The Bias-Variance Tradeoff as Geometry

Low-dimensional decision boundary (few parameters): high bias (cannot capture complex patterns), low variance (stable across samples). High-dimensional boundary (many parameters): low bias, high variance (can overfit to noise in training data).

VC Dimension: How Expressive Is a Classifier?

The Vapnik-Chervonenkis (VC) dimension of a hypothesis class H measures how complex the class is: the largest number of points that H can shatter (correctly classify in all 2^n possible labelings).

Perceptron in ℝ^d: VC dimension = d + 1. A d-dimensional hyperplane can shatter d + 1 points (in general position) but not d + 2.

The VC dimension determines the sample complexity: to learn a hypothesis with generalization error ε with probability 1 − δ, you need roughly n ≥ (d × log(1/ε) + log(1/δ)) / ε samples, where d is the VC dimension.

A perceptron in ℝ^3 has VC dimension 4. According to the VC sample complexity bound, approximately how many training samples are needed to achieve generalization error ε = 0.05 with confidence 1 − δ = 0.95? Use the simplified bound n ≥ (d × log(1/ε) + log(1/δ)) / ε with the given values. Show all calculations.

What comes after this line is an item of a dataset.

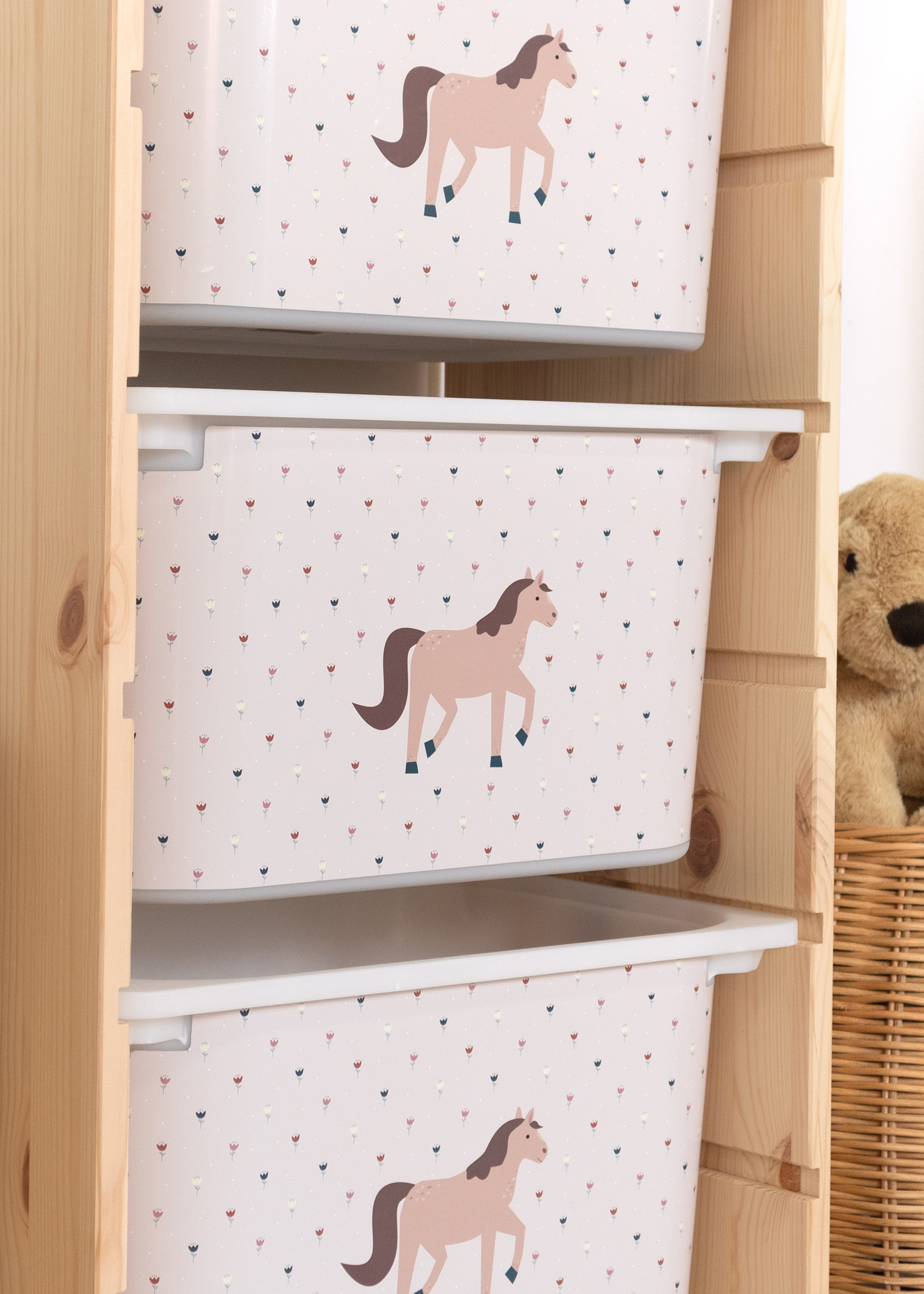 Rosa Aufbewahrungsbox im IKEA TROFAST Regal, dekoriert mit einem kindgerechten Pferde-Motiv.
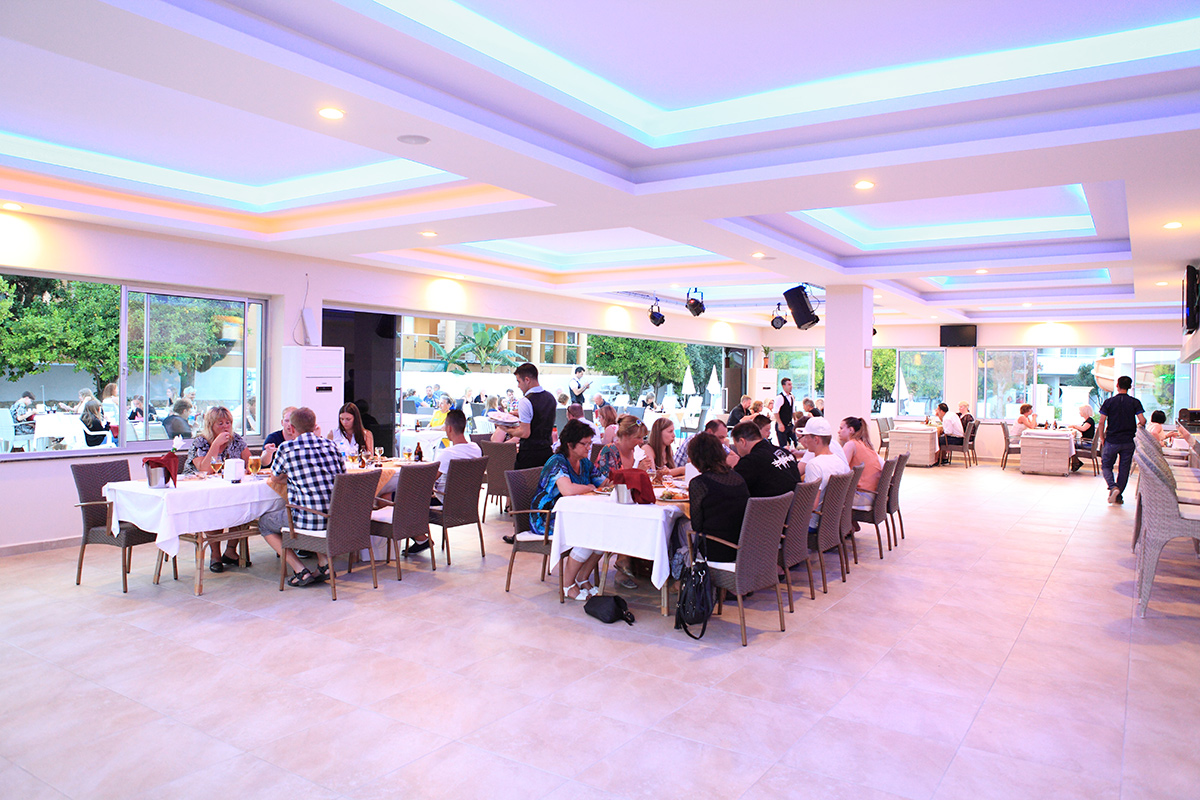 MAIN RESTAURANT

Decision Boundaries & Machine Capability Limits

The geometry of decision boundaries connects directly to Hamming's machine reasoning limits.

A single-layer perceptron (hyperplane classifier) cannot solve XOR. This was Minsky & Papert's critique of early perceptrons in 1969. The geometric argument: XOR is not linearly separable. The machine cannot solve it, not because of lack of computing power, but because of a fundamental geometric incompatibility between the hypothesis class and the problem.

The resolution: multi-layer networks can represent non-linear boundaries. The hidden layers implement the feature map φ — lifting the data to higher dimensions where linear separation becomes possible. Each hidden neuron computes one hyperplane; the combination of multiple hyperplanes approximates curves.

This history maps onto Hamming's observation: every limitation of machine reasoning has a geometric structure underneath it. The task is not to argue about whether machines 'can think' but to identify the geometric constraints and find ways to work around them.

Minsky & Papert's 1969 critique of the perceptron used the XOR non-separability argument. Their book, 'Perceptrons,' nearly killed neural network research for a decade. But multi-layer networks resolve the XOR problem. What does this history suggest about the right way to interpret a demonstrated limitation of a machine reasoning system? Specifically: should a demonstrated geometric limitation be understood as permanent or as contingent on the current hypothesis class? Give a principled answer.